Causes of death statistics

Data extracted in July 2018.

Planned article update: August 2019.

Highlights

In 2015, Hungary reported the highest standardised death rate for lung cancer and for colorectal cancer among the EU Member States.

In 2015, the lowest standardised death rates from suicide among the EU Member States were in Cyprus and Greece.

In the EU, standardised death rates were higher for men than for women for nearly all of the main causes of death in 2015.

Causes of death — standardised death rate, EU-28, 2015
(per 100 000 inhabitants)
Source: Eurostat (hlth_cd_asdr2)


This article gives an overview of recent statistics on causes of death in the European Union (EU).

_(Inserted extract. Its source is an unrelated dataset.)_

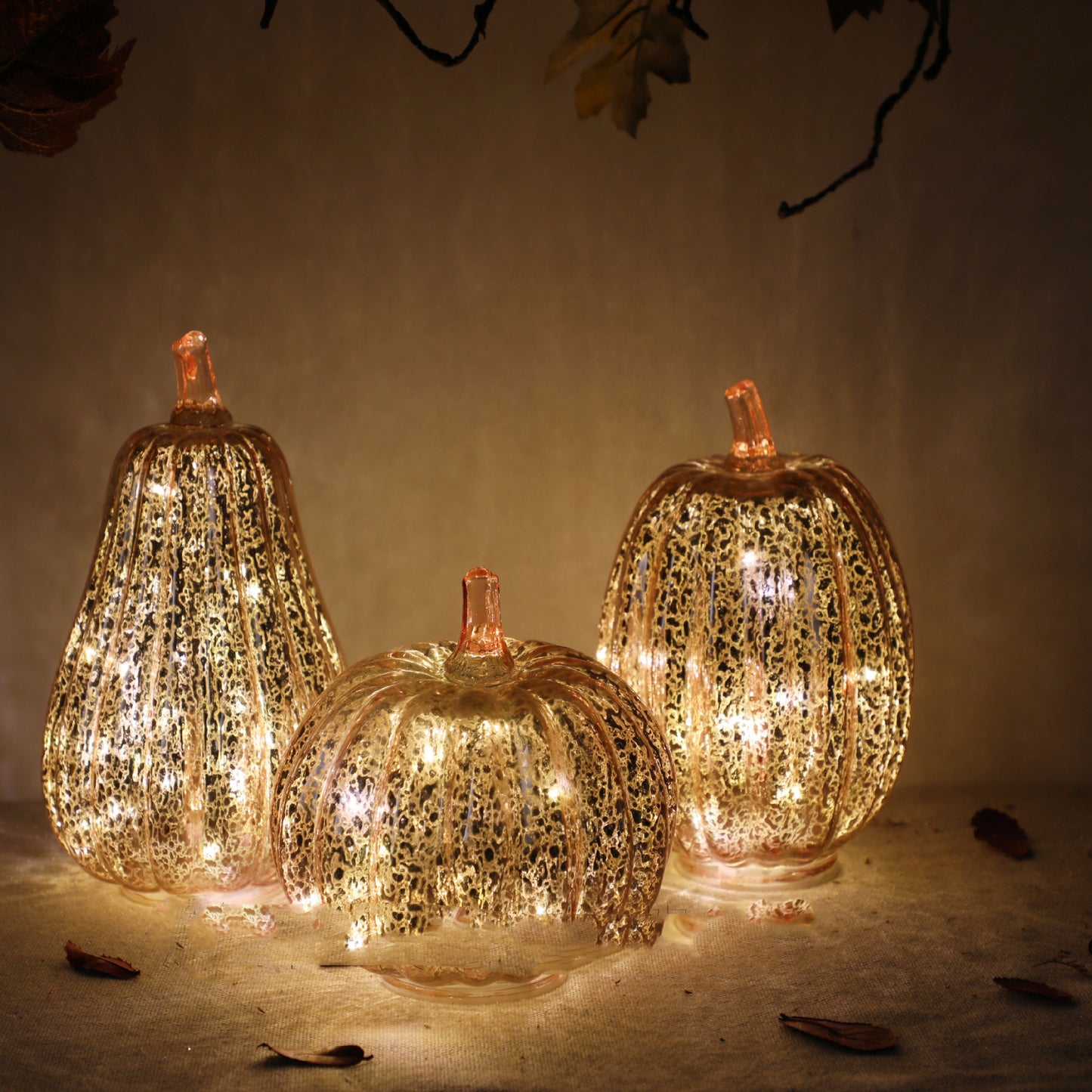 Linterna de calabaza de cristal decorativa para Halloween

By relating all deaths in the population to an underlying cause of death, the risks associated with death from a range of specific diseases and other causes can be assessed; these figures can be further analysed by age, sex, country where the death occurred/residency of the deceased, and region (NUTS level 2), using standardised death rates.

Full article

Main findings

The latest estimated information for the EU-28 relating to causes of death is available for the 2015 reference period. Table 1 shows that diseases of the circulatory system and cancer (malignant neoplasms) were, by far, the leading causes of death in the EU.

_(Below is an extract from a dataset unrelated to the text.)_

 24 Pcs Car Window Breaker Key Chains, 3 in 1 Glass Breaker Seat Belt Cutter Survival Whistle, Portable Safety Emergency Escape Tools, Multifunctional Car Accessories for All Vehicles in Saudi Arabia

Table 1: Causes of death — standardised death rate, 2015
(per 100 000 inhabitants)
Source: Eurostat (hlth_cd_asdr2)

Developments between 2005 and 2015

Standardised death rates for cancer, ischaemic heart disease and transport accidents followed a downward path between 2005 and 2015

Between 2005 and 2015, there was an 11.5 % reduction in EU-28 standardised death rates relating to cancer for men and a 6.1 % reduction for women — see Figures 1 and 2. Larger declines were recorded in relation to deaths from ischaemic heart disease, where death rates fell by 30.3 % for men and 34.3 % for women, while even greater reductions were recorded for deaths from transport accidents where rates fell by 43.3 % for men and 44.3 % for women. The standardised death rate for breast cancer fell by 10.1 % for women, which was in excess of the overall change for all cancers. By contrast, death rates for diseases of the nervous system increased for men by 25.9 % and for women by 31.9 %. Although the standardised death rate for lung cancer (including also cancer of the trachea and bronchus) increased for men and for women, the rate of change differed greatly: for men the rate increased by 3.9 % (with a downward trend since 2009) while for women it increased by as much as 56.0 %.

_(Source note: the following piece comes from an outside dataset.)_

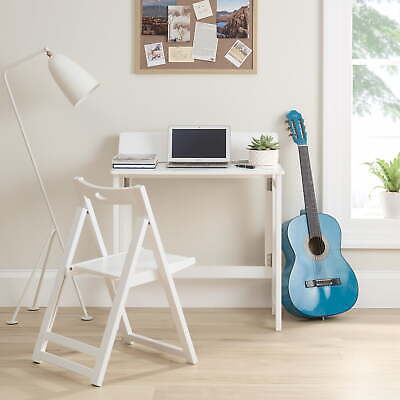 Solid Wood Kid's Folding Desk & Chair Set, White | eB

Figure 1: Causes of death — standardised death rate per 100 000 inhabitants, males, EU-28, 2005-2015
(2010 = 100)
Source: Eurostat (hlth_cd_asdr) and (hlth_cd_asdr2)
Figure 2: Causes of death — standardised death rate per 100 000 inhabitants, females, EU-28, 2005-2015
(2010 = 100)
Source: Eurostat (hlth_cd_asdr) and (hlth_cd_asdr2)

Causes of death in 2015 by country

The standardised death rate for ischaemic heart disease in the EU-28 was 127 deaths per 100 000 inhabitants in 2015

Diseases of the circulatory system include those related to high blood pressure, cholesterol, diabetes and smoking; the most common causes of death from diseases of the circulatory system are ischaemic heart diseases and cerebrovascular diseases. Ischaemic heart diseases accounted for 127 deaths per 100 000 inhabitants across the EU-28 in 2015. The EU Member States with the highest standardised death rates from ischaemic heart disease were Lithuania, Latvia, Slovakia and Hungary — all close to or above 400 deaths per 100 000 inhabitants in 2015. At the other end of the range, France, the Netherlands, Portugal, Spain, Belgium, Luxembourg and Denmark had the lowest standardised death rates from ischaemic heart disease — below 100 deaths per 100 000 inhabitants in 2015; this was also the case in Liechtenstein, Norway and Switzerland.

Hungary reported the highest standardised death rate for lung cancer and for colorectal cancer

Cancer was a major cause of death, averaging 261 deaths per 100 000 inhabitants across the EU-28 in 2015. The most common forms of cancer — all with standardised death rates in excess of 10 per 100 000 inhabitants — included malignant neoplasms of the: trachea, bronchus and lung; colon, rectosigmoid junction, rectum, anus and anal canal; breast; pancreas; prostate; stomach; and liver and bile ducts.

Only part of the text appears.